=== DESCRIPTION OF THE TASK ===
Output range, inclusive: from the line containing "Блокнот на кольцах" to the line containing "male subject with". Restate those lines from the data below word for word and only those.

SUPPLIED DATA START

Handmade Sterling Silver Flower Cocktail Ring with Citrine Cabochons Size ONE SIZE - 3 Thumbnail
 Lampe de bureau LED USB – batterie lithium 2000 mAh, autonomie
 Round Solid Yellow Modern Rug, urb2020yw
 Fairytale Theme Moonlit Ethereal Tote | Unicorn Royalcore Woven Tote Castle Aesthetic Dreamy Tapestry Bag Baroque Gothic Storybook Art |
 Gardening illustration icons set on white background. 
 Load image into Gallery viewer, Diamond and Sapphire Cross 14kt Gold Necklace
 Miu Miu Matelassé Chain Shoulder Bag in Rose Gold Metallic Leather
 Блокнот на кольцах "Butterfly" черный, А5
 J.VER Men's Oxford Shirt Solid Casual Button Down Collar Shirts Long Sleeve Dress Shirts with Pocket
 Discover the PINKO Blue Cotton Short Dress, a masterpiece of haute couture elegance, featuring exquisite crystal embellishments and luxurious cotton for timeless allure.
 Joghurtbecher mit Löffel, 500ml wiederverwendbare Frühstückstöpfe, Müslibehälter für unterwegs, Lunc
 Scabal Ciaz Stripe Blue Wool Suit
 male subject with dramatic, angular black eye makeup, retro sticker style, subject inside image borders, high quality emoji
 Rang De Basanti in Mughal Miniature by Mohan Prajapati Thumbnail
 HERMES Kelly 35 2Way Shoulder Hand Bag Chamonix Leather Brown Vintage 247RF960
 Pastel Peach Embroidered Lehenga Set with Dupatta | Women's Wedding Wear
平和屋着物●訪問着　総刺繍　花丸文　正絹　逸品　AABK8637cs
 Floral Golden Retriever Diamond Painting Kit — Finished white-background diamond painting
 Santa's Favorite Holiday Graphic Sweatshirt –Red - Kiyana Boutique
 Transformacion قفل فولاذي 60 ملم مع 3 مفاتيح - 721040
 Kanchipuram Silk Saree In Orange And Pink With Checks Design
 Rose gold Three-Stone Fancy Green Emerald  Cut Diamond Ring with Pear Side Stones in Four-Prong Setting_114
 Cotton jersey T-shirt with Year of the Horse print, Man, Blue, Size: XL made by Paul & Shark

SUPPLIED DATA END

=== YOUR SOLUTION ===
 Блокнот на кольцах "Butterfly" черный, А5
 J.VER Men's Oxford Shirt Solid Casual Button Down Collar Shirts Long Sleeve Dress Shirts with Pocket
 Discover the PINKO Blue Cotton Short Dress, a masterpiece of haute couture elegance, featuring exquisite crystal embellishments and luxurious cotton for timeless allure.
 Joghurtbecher mit Löffel, 500ml wiederverwendbare Frühstückstöpfe, Müslibehälter für unterwegs, Lunc
 Scabal Ciaz Stripe Blue Wool Suit
 male subject with dramatic, angular black eye makeup, retro sticker style, subject inside image borders, high quality emoji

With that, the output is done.